Free-text object descriptions:
※ ※ ※
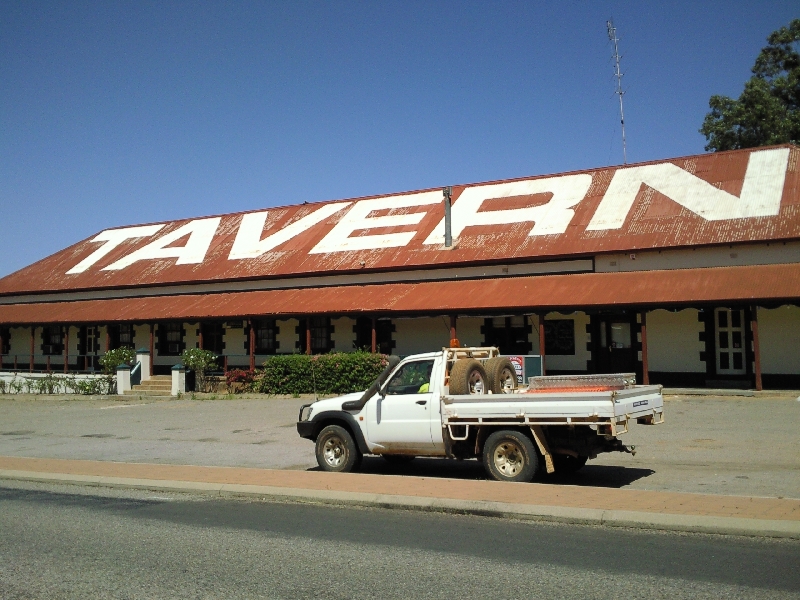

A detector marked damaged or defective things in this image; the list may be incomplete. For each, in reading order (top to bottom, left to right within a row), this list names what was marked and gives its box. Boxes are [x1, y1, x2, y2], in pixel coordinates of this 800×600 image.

rusty corrugated roof [0, 144, 796, 298]
rusty corrugated roof [3, 264, 796, 326]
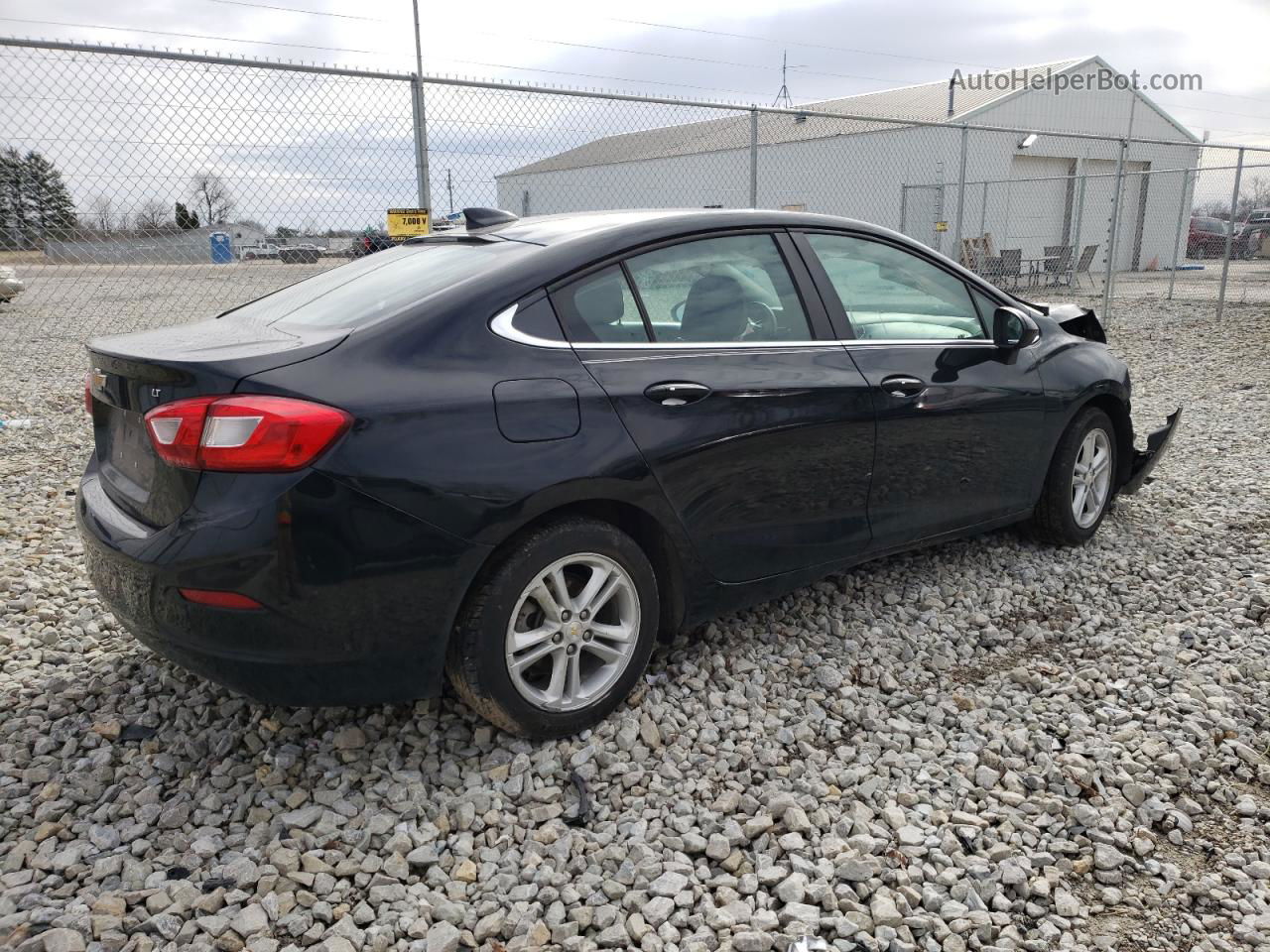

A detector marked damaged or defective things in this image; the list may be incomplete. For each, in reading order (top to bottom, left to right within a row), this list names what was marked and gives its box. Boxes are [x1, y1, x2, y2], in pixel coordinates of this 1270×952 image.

damaged front bumper [1122, 409, 1178, 495]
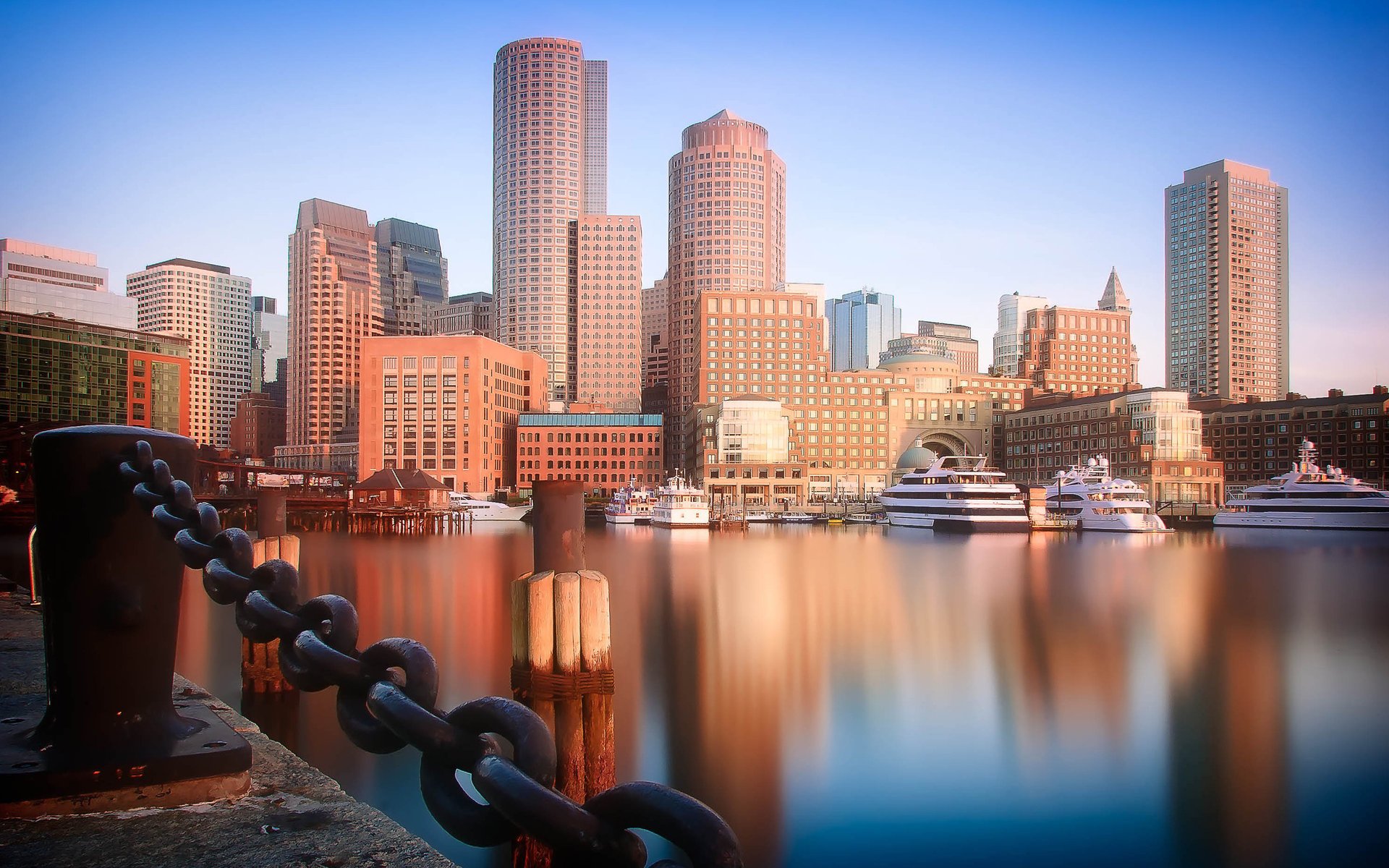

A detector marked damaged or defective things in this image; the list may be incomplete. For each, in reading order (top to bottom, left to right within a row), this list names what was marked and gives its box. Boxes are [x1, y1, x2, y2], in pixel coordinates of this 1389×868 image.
※ ※ ※
- _Directions for this task_: Reproduce the lines above, exactly and exclusively, from the line containing "this 1270×952 image." down to the last line, both included; pictures are not part of the copy.

- _Response area_:
A detector marked damaged or defective things in this image; the list may be incomplete. For each, in reading order (top to bottom, left to right within a row), this list names what was marked and gives its box. Boxes are [x1, y1, x2, y2], in pixel coordinates of this 1270×952 image.

damaged front bumper [1122, 409, 1178, 495]

A detector marked damaged or defective things in this image; the list may be incomplete. For each, in reading order (top to bottom, left to right within a row), this list names what was marked and gives its box. Boxes are [x1, y1, x2, y2], in pixel coordinates of this 1389×868 image.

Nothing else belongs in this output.